Pictures with short captions
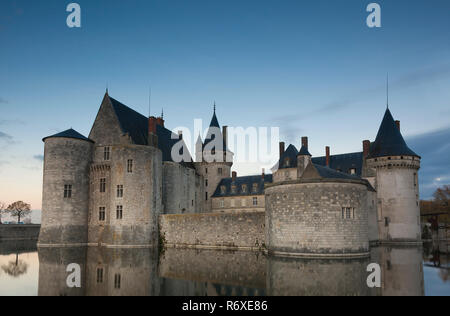 Castle of Sully-Sur-Loire, Loiret, Centre-Val de Loire, France Stock Photo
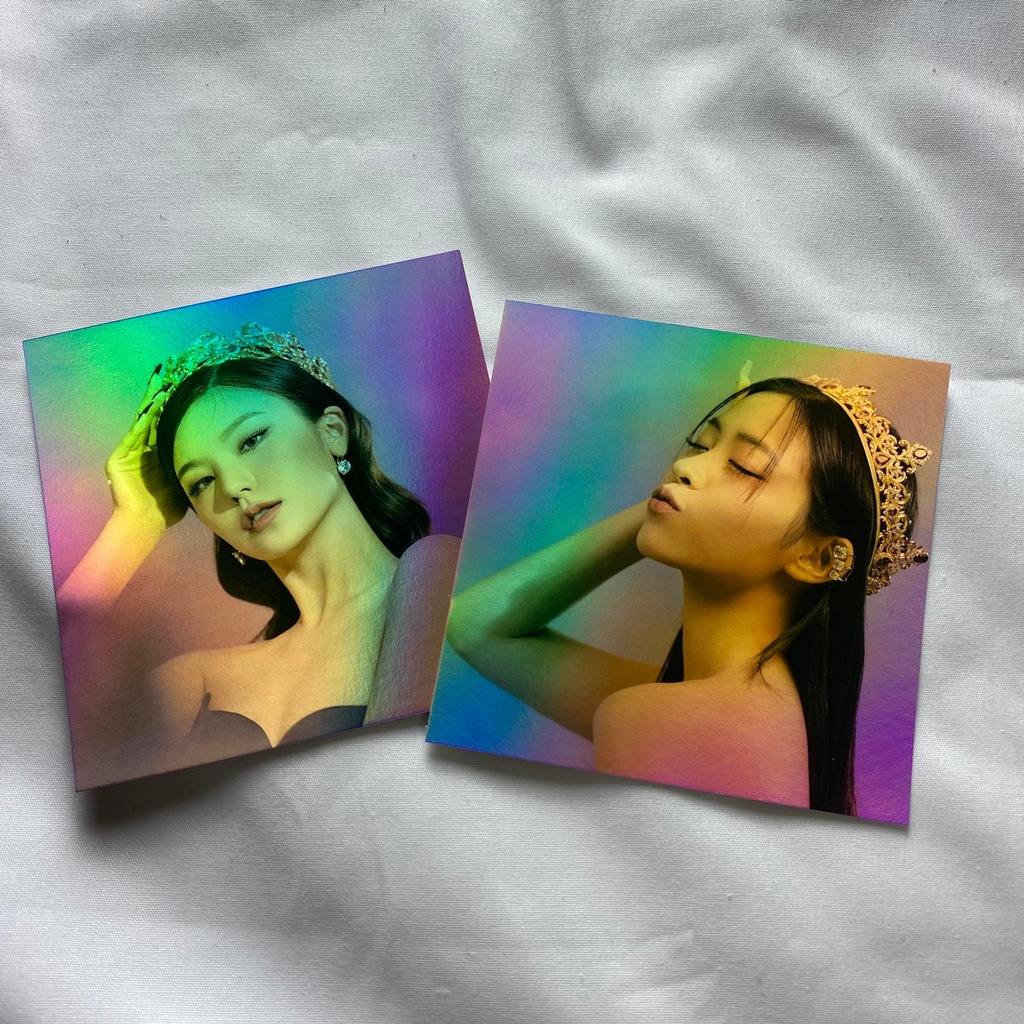 Bộ ảnh chính hãng không ảnh thẻ bo góc | Album không card Checkmate nhóm nhạc itzy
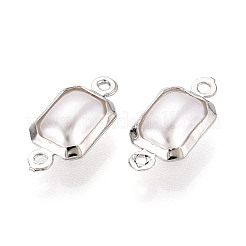 Ciondoli connettore in ottone abs imitazione perla&nbsp;KK-N286-02C-P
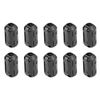 Rebower Clip-on Ferrite Ring Core- 7mm / Black / 10pcs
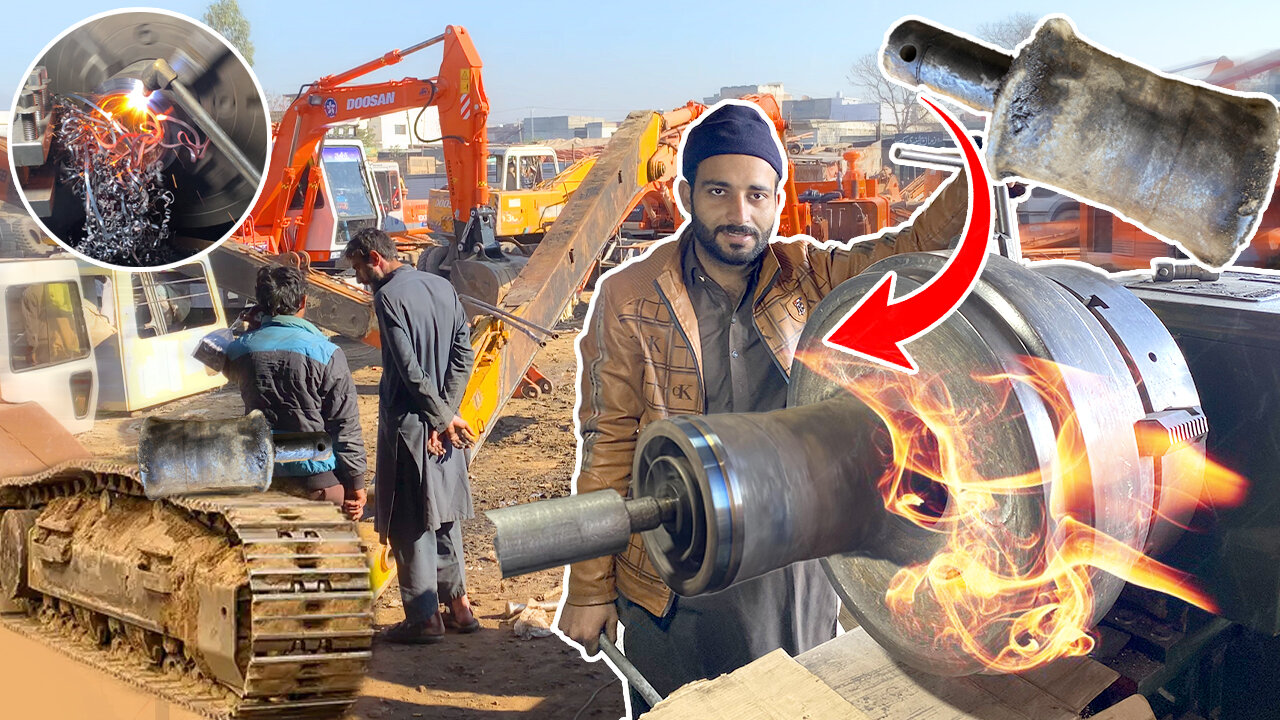 Doosan Excavator Wheel Repair | MacTech Pakistan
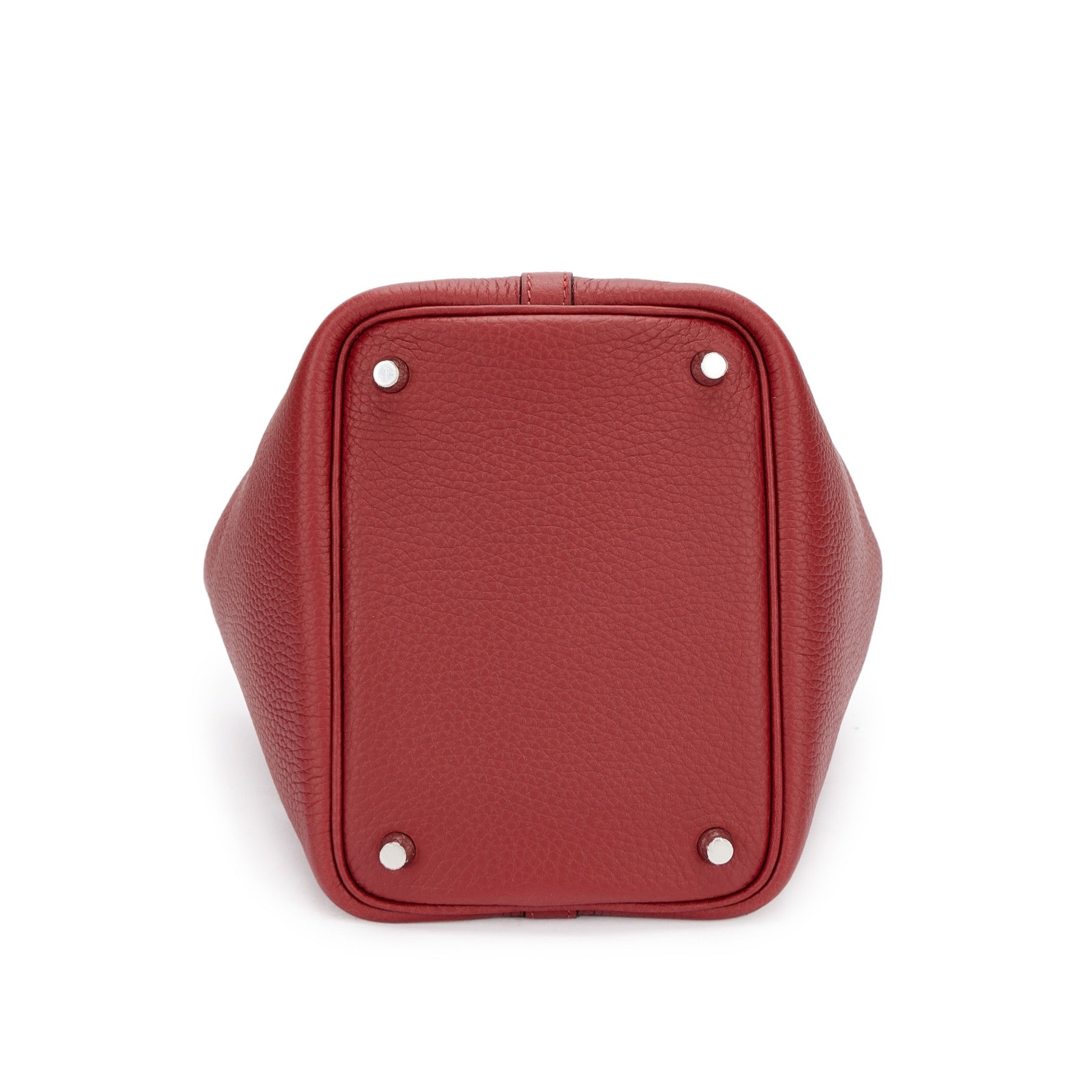 HERMES PICOTIN LOCK 18 PM ECLAT ROUGE H ORANGE FIELD TAURILLON CLEMENCE SWIFT SILVER HARDWARE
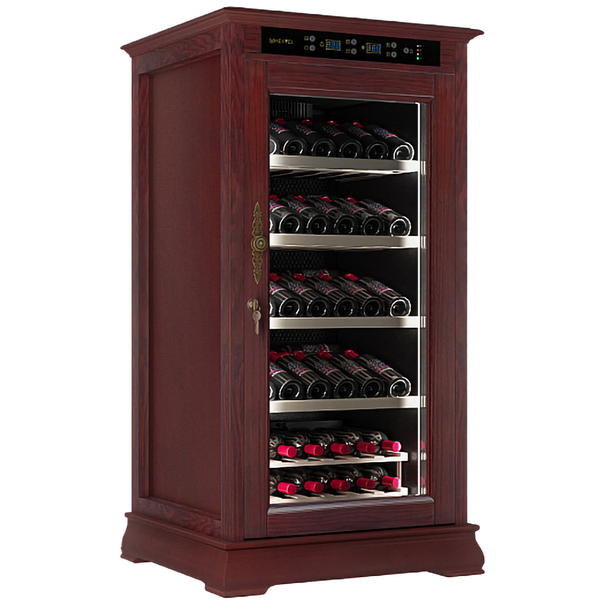 Винный шкаф Meyvel MV66-WM1-C (Махагон)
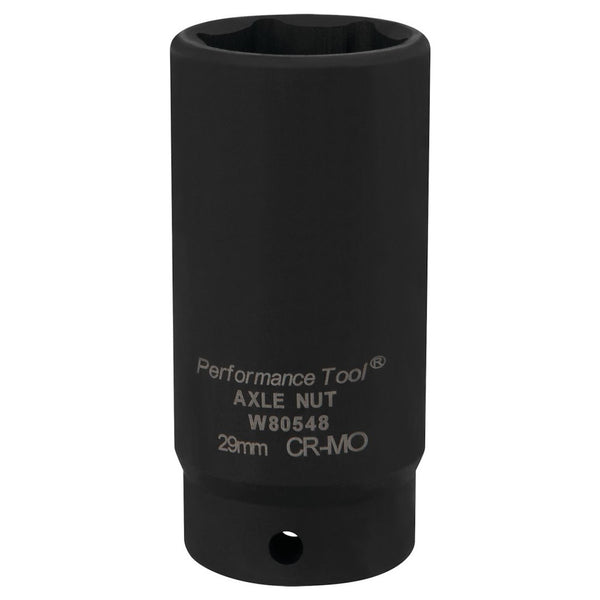 Performance Tool 29 Millimeter Axle Nut Socket (MPN: W80548)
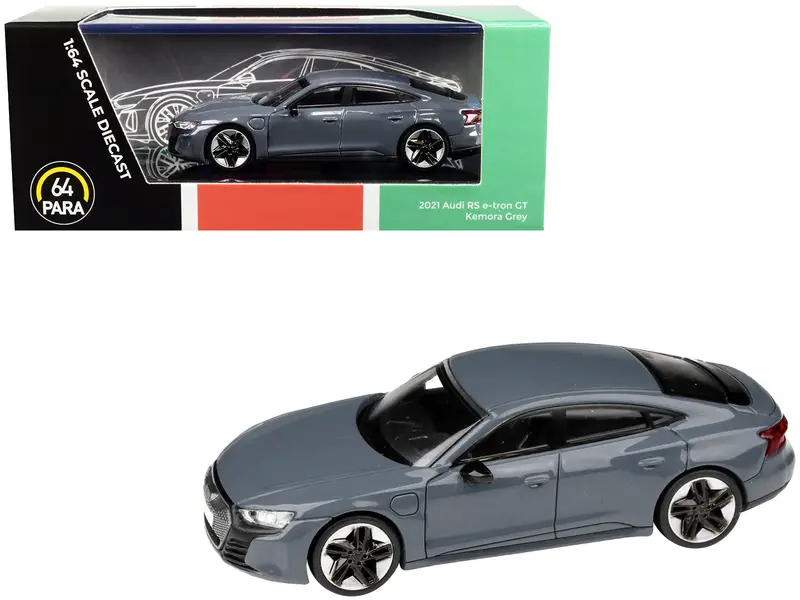 2021 Audi Rs E-Tron Gt Kemora Gray 1/64 Diecast Model Car By Paragon 1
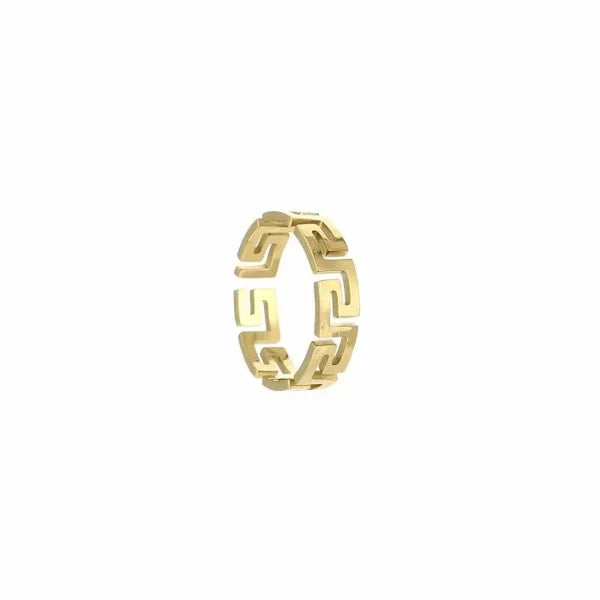 Ring met patroon goud-LAcollections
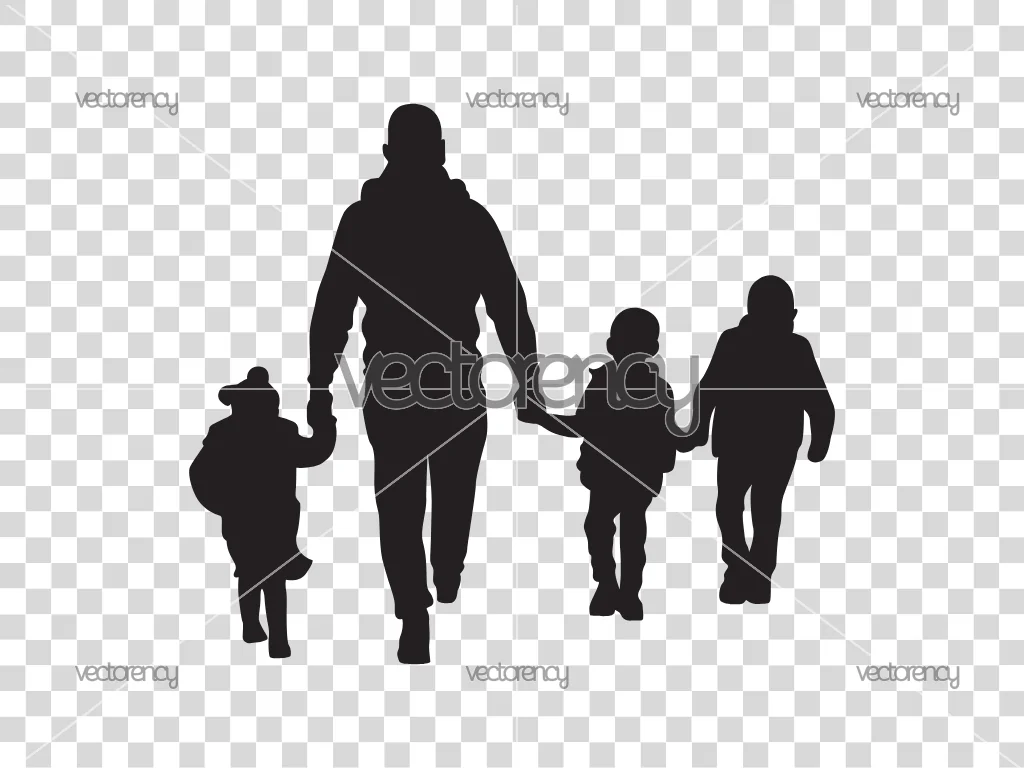 Father and Daughter Silhouette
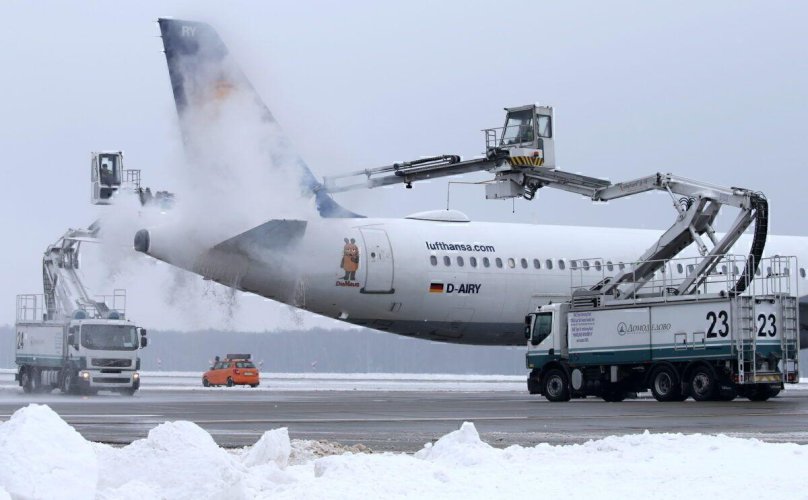 Противообледенительная жидкость для самолетов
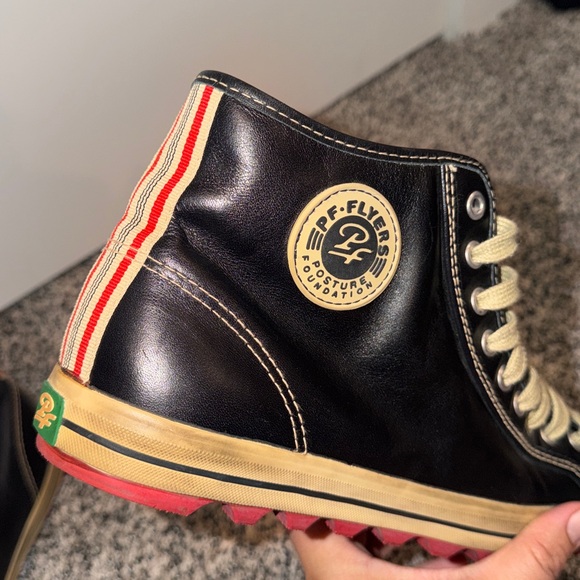 PF Flyers Posture Foundation High Top Black and Red Men’s Size 11 - Picture 3 of 9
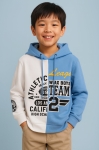 Детски суитшърт момче Hoodie, син цвят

## Problem requirements
Could you output every record above exactly as it appears, without the pictures?

## Response to the task
 Castle of Sully-Sur-Loire, Loiret, Centre-Val de Loire, France Stock Photo
 Bộ ảnh chính hãng không ảnh thẻ bo góc | Album không card Checkmate nhóm nhạc itzy
 Ciondoli connettore in ottone abs imitazione perla&nbsp;KK-N286-02C-P
 Rebower Clip-on Ferrite Ring Core- 7mm / Black / 10pcs
 Doosan Excavator Wheel Repair | MacTech Pakistan
 HERMES PICOTIN LOCK 18 PM ECLAT ROUGE H ORANGE FIELD TAURILLON CLEMENCE SWIFT SILVER HARDWARE
 Винный шкаф Meyvel MV66-WM1-C (Махагон)
 Performance Tool 29 Millimeter Axle Nut Socket (MPN: W80548)
 2021 Audi Rs E-Tron Gt Kemora Gray 1/64 Diecast Model Car By Paragon 1
 Ring met patroon goud-LAcollections
 Father and Daughter Silhouette
 Противообледенительная жидкость для самолетов
 PF Flyers Posture Foundation High Top Black and Red Men’s Size 11 - Picture 3 of 9
 Детски суитшърт момче Hoodie, син цвят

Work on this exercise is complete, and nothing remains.